▶ [Problem requirements]: From the listing below, reproduce exactly the lines starting with the one with "Property Slideshow image" and going on through the one with "Agente de la", both ends kept. No picture is copied.

▶ [Exercise input]:
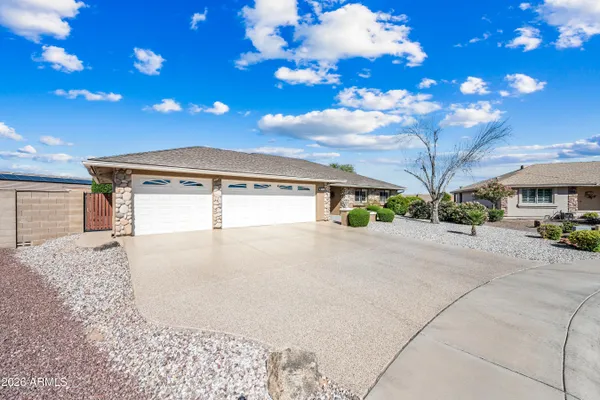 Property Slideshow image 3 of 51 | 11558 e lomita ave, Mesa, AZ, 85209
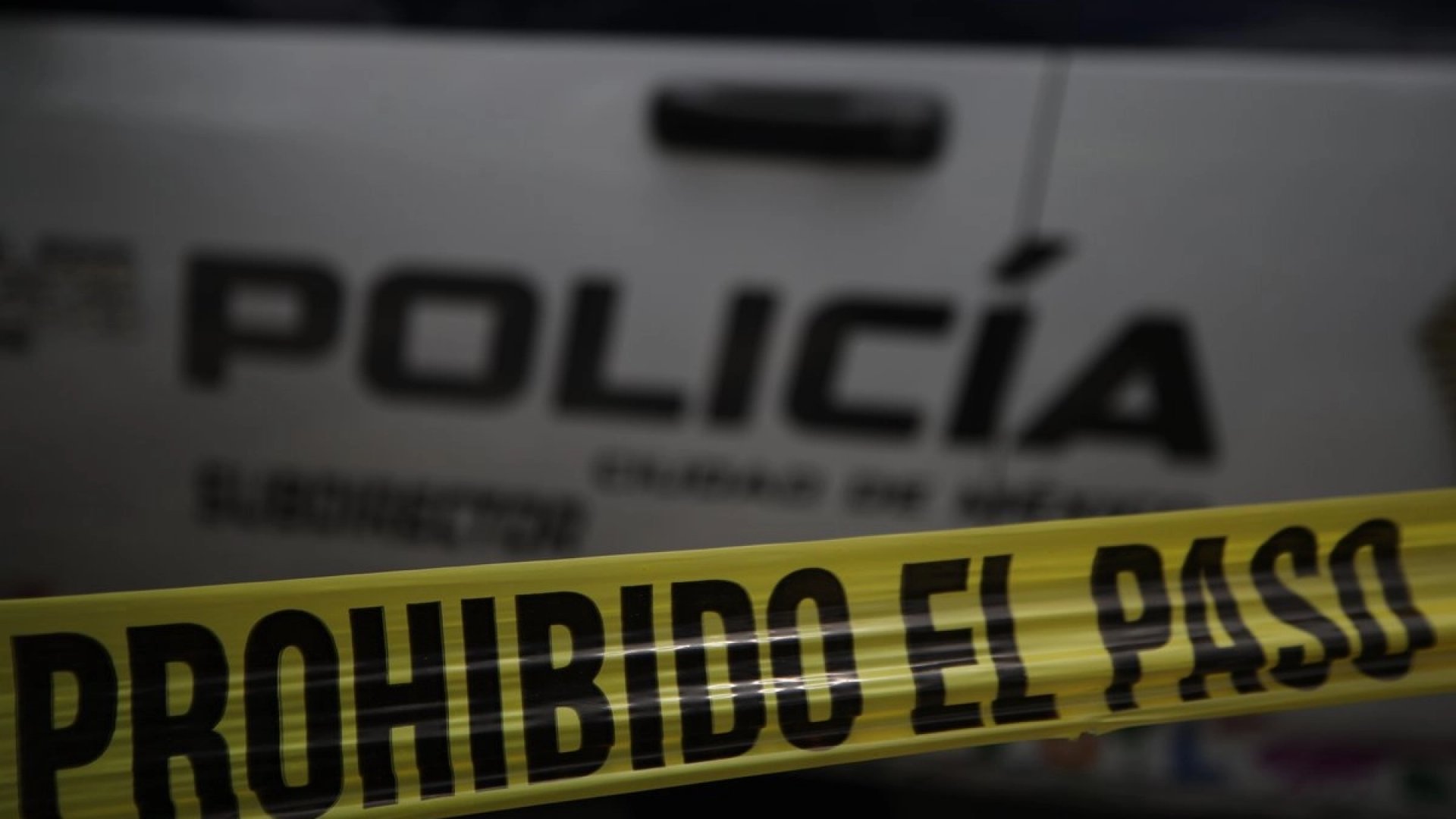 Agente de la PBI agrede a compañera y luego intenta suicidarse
---
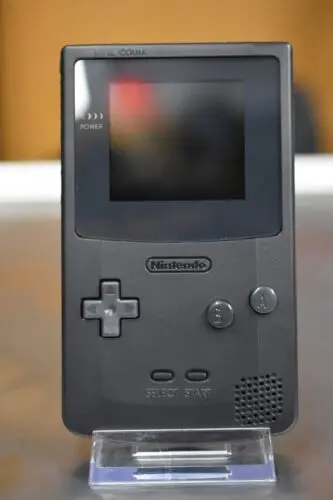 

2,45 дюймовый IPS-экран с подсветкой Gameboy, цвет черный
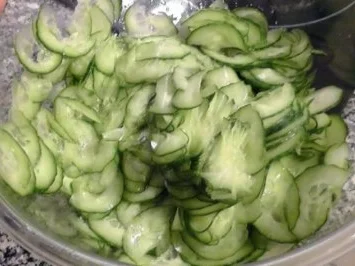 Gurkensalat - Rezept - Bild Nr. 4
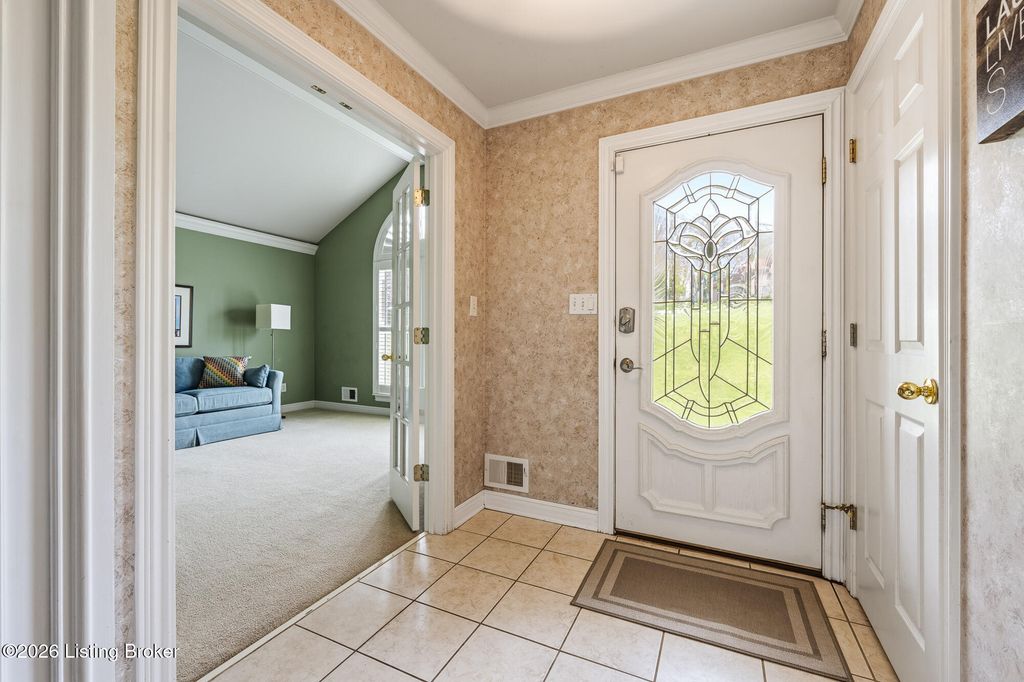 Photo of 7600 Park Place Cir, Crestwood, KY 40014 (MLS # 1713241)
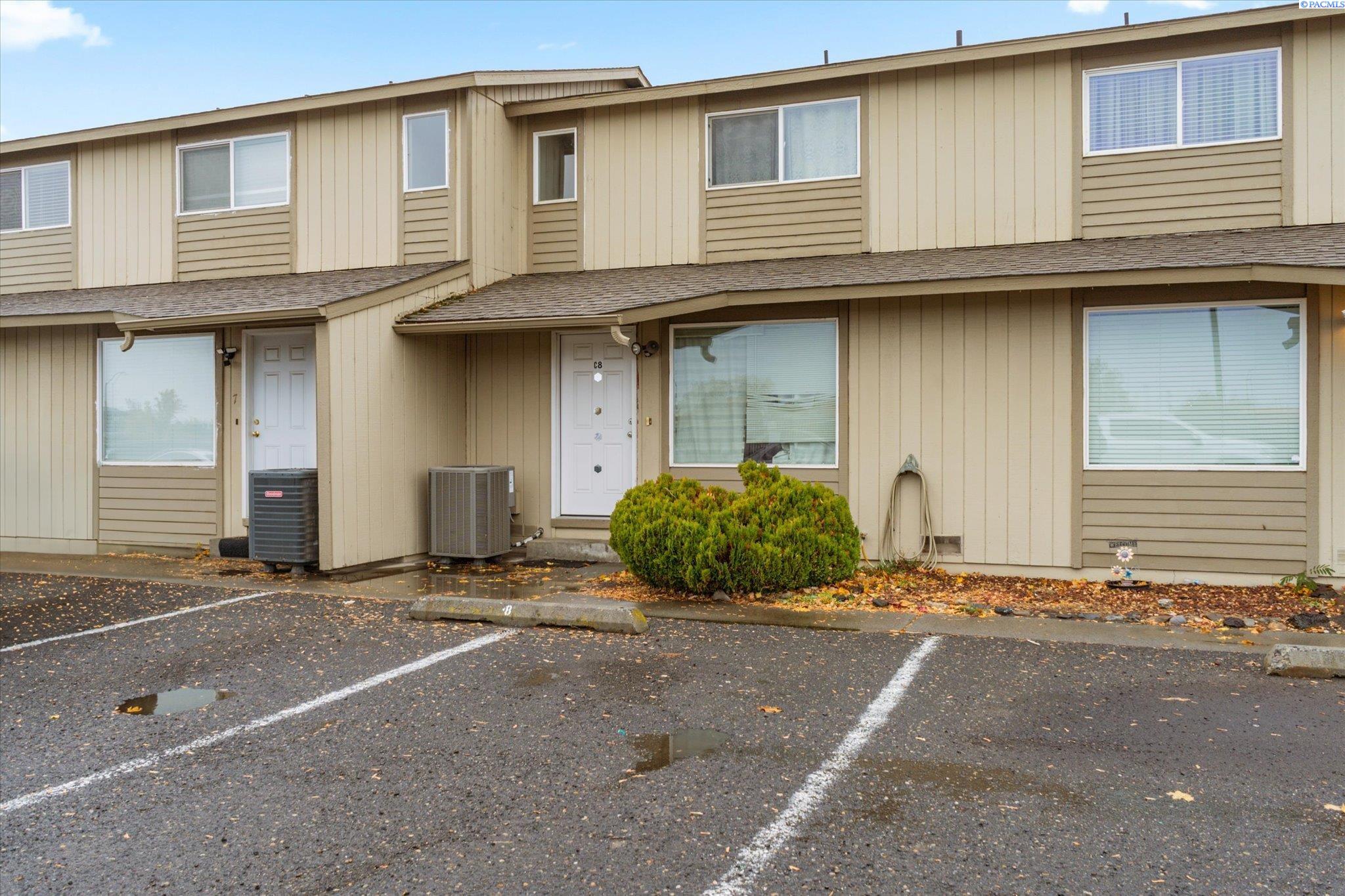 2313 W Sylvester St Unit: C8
* * *
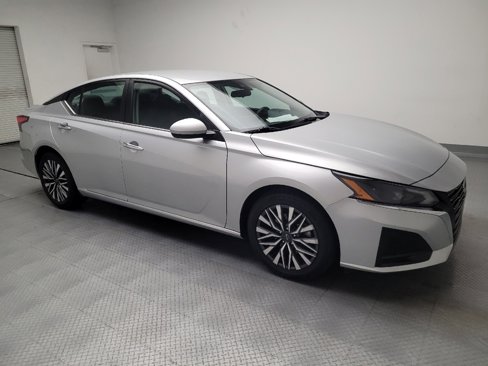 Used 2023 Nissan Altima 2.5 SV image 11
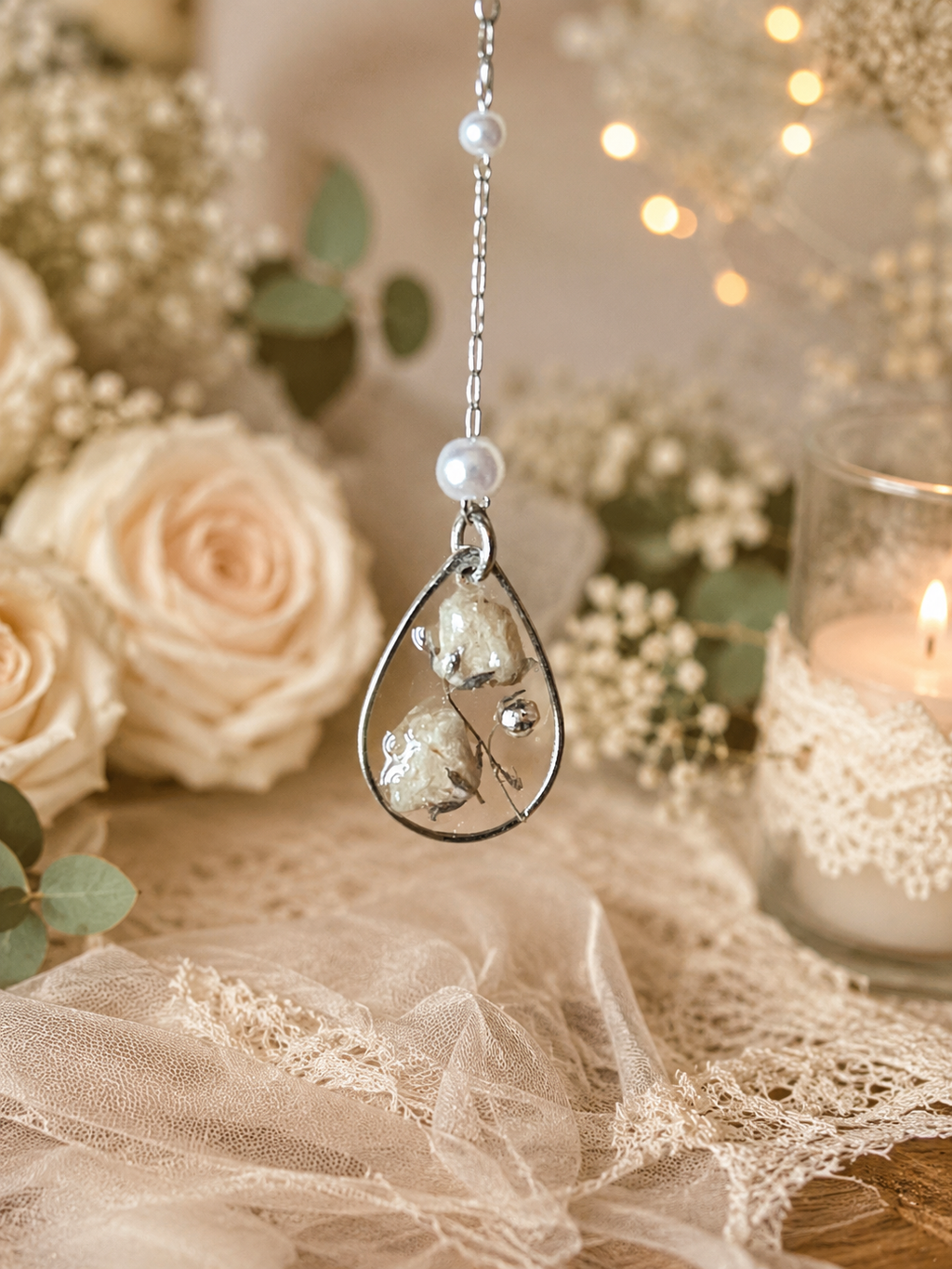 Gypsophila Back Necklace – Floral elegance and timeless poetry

▶ [Answer section]:
 Property Slideshow image 3 of 51 | 11558 e lomita ave, Mesa, AZ, 85209
 Agente de la PBI agrede a compañera y luego intenta suicidarse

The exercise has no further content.